Comment 3 for bug 1955783

Revision history for this message
Bhagyashri Shewale (bhagyashri-shewale) wrote :

guilhermesp_> hi team. we are looking at it now
<guilhermesp_> ykarel: dpawlik can you check the systems now?
<ykarel> guilhermesp_, looking
<ykarel> i see bridge.soft is up
<ykarel> others seems still down
<ykarel> like https://images.rdoproject.org/
<guilhermesp_> ok do you have a list of all servers in the same situation now?
<ykarel> i can try to find but may be miss some
<guilhermesp_> ok im doing some more checks on my side meanwhile
<ykarel> guilhermesp_, aren't all our servers on same tenant?
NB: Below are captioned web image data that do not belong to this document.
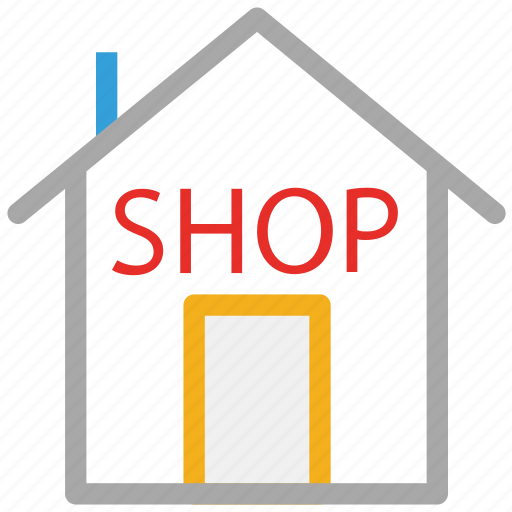 Buy, real estate, shop, store icon - Download on Iconfinder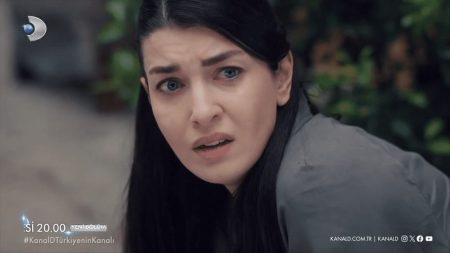 Yalan 3. Bölüm Fragmanı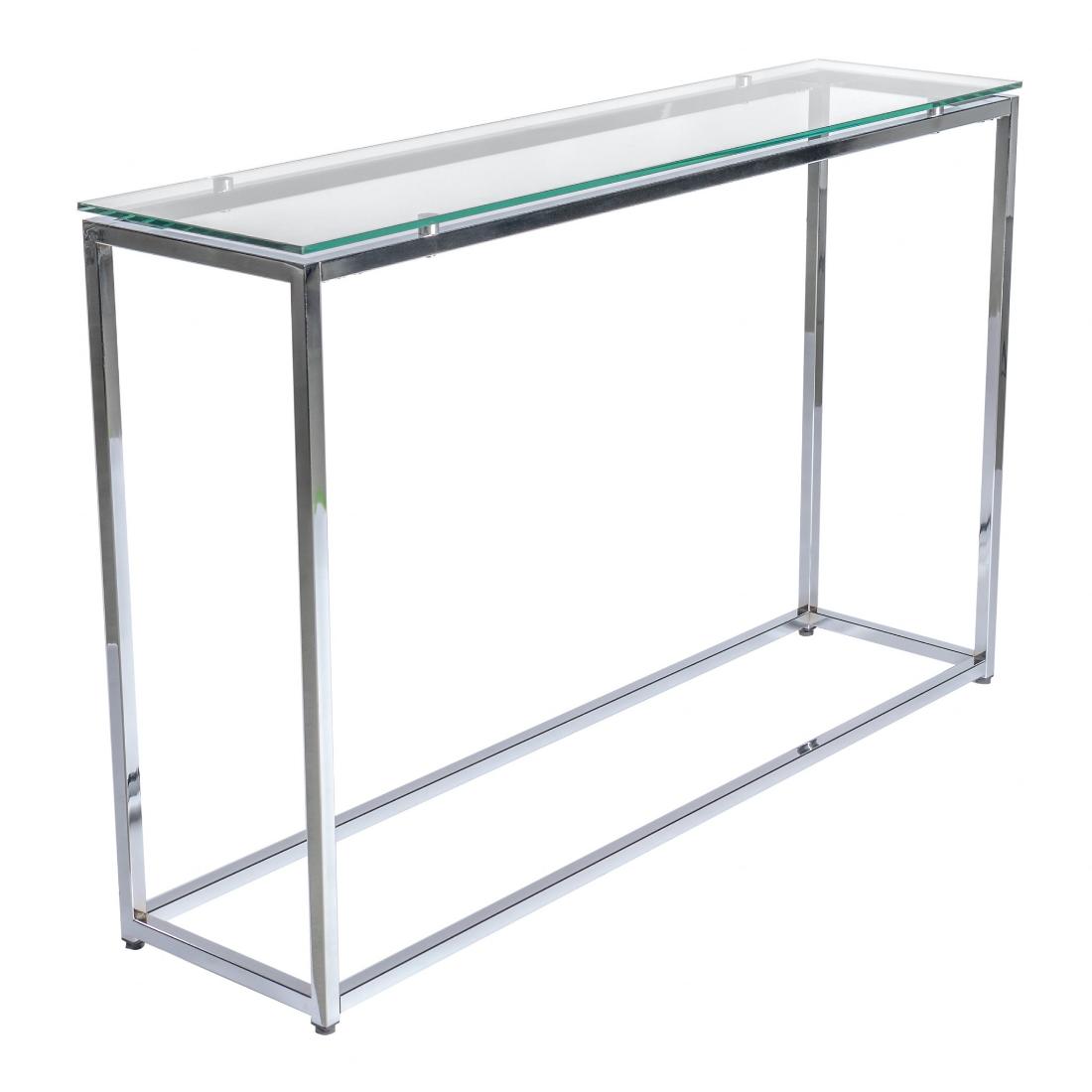HomeRoots 4000400517 Console-Sofa-Tables - View #3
<guilhermesp_> yeah, but initially we noticed a kernel bug on one of the controllers which was preventing the active l3 agent to be released or/and to be forwarding packages
<ykarel> ahhk
<ykarel> so now i can see those infra servers in infra-rdo tenant
<ykarel> and seems they are up
<ykarel> but not reachable
<guilhermesp_> ack
<ykarel> ex trunk-centos8.rdoproject.org
<ykarel> trunk-centos7.rdoproject.org
<ykarel> logserver.rdoproject.org
<ykarel> mirror.regionone.vexxhost.rdoproject.org
<ykarel> so almost all of those
<guilhermesp_> can you check those on infra-rdo now ykarel ?
<ykarel> seems you rebooted bridge.softwarefactory-project.io, right?
<ykarel> ^ is in infra-sf tenant
<guilhermesp_> hum we havent rebooted any server by now, we just fallback some l3 agents
<ykarel> ahhk, may be someone else tried as i see time Dec. 28, 2021, 8:06 a.m.
<guilhermesp_> yep i remember i saw something in the ticket description abouit that
<guilhermesp_> i believe infra-rdo servers should be back
<ykarel> guilhermesp_, me checks
<ykarel> yes seems they are getting up, i see gerrit/zuul are up atleast
<ykarel> https://review.rdoproject.org/zuul/status https://review.rdoproject.org/r
<ykarel> https://images.rdoproject.org/, https://logserver.rdoproject.org/ too
<guilhermesp_> yeah we have recovered most of the routers by now
<guilhermesp_> and we are remediating one of the controllers now
<ykarel> but can't ssh to those servers for some reason, need to check why
<guilhermesp_> huuum weird are they responding to 22?
<ykarel> yes responding
<ykarel> seems some local issue related to socket
<guilhermesp_> what do you see when trying to login to those servers?
<guilhermesp_> ah ok
<guilhermesp_> yeah i think we have fixed the access by now
<guilhermesp_> and we took off this bad controller out of the pool to fix it
<ykarel> guilhermesp_, from bridge node it said
<ykarel> unix_listener: cannot bind to path /<email address hidden>:22.fZjvgwJHmYEKYvVd: No such file or directory
<ykarel> so i created /run/user/1000 and added owner, and now i can ssh
<guilhermesp_> ok good
<ykarel> will note it down and will check with team once they are back, may be it's some known issue
<ykarel> for the router specific issue you can update the ticket as they would be needing all these details
<guilhermesp_> sure i will now